AIM OF THE TASK = Among the entries below, find the lines that hold the word "featuring" and report them.

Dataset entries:
□ □ □ □ □

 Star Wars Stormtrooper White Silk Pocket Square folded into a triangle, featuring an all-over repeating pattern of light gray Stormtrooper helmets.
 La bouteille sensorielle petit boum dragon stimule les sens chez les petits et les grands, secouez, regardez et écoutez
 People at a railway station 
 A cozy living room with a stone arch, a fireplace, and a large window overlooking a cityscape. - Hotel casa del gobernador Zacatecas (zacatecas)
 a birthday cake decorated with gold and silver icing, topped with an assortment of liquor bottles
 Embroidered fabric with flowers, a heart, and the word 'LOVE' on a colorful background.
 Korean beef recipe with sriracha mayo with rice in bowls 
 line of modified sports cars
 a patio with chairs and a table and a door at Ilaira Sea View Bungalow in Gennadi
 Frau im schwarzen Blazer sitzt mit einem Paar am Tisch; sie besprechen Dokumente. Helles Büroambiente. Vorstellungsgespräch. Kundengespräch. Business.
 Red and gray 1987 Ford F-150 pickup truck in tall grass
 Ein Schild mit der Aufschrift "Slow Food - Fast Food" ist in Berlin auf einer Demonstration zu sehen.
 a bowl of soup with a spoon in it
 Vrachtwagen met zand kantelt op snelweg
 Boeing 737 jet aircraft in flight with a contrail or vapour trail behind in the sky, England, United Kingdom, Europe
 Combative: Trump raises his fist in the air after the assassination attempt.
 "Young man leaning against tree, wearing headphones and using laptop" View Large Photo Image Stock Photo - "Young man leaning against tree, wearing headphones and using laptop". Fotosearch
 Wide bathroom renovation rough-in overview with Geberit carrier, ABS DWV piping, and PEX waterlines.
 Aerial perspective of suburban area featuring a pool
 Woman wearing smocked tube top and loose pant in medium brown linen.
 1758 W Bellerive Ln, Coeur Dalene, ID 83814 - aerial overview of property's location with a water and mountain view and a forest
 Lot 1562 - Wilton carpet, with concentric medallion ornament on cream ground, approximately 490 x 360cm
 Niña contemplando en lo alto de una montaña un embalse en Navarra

□ □ □ □ □

ANSWER FOR THIS EXERCISE =
 Star Wars Stormtrooper White Silk Pocket Square folded into a triangle, featuring an all-over repeating pattern of light gray Stormtrooper helmets.
 Aerial perspective of suburban area featuring a pool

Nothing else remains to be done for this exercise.